WORK INSTRUCTION
Starting at the line that contains "6x embroidery file" and ending at the line that contains "DXYXYO Blue Light", the lines below are to be given again exactly, with nothing added.

TASK DATA below:

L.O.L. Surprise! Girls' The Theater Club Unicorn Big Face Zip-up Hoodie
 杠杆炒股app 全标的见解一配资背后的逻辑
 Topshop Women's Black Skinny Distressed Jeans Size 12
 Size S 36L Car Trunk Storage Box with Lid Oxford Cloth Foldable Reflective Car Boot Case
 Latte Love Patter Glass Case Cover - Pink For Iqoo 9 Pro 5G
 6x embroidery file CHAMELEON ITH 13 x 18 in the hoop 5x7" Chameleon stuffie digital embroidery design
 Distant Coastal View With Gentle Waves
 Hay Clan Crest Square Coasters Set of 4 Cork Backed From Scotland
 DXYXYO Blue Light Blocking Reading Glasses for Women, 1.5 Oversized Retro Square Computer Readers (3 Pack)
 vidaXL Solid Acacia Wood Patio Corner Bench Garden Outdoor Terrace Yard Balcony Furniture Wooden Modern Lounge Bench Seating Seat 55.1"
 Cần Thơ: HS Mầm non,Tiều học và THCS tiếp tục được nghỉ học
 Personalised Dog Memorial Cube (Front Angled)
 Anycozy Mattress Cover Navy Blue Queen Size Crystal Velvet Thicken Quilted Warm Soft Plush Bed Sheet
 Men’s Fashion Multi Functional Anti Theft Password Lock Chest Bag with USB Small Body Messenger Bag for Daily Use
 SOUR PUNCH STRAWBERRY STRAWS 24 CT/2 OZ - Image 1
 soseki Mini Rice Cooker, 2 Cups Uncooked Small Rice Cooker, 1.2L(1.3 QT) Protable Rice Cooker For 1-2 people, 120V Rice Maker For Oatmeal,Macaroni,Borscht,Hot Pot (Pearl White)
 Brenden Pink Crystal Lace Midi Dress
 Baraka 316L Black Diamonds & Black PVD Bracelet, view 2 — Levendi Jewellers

End of TASK DATA.

TASK OUTPUT
 6x embroidery file CHAMELEON ITH 13 x 18 in the hoop 5x7" Chameleon stuffie digital embroidery design
 Distant Coastal View With Gentle Waves
 Hay Clan Crest Square Coasters Set of 4 Cork Backed From Scotland
 DXYXYO Blue Light Blocking Reading Glasses for Women, 1.5 Oversized Retro Square Computer Readers (3 Pack)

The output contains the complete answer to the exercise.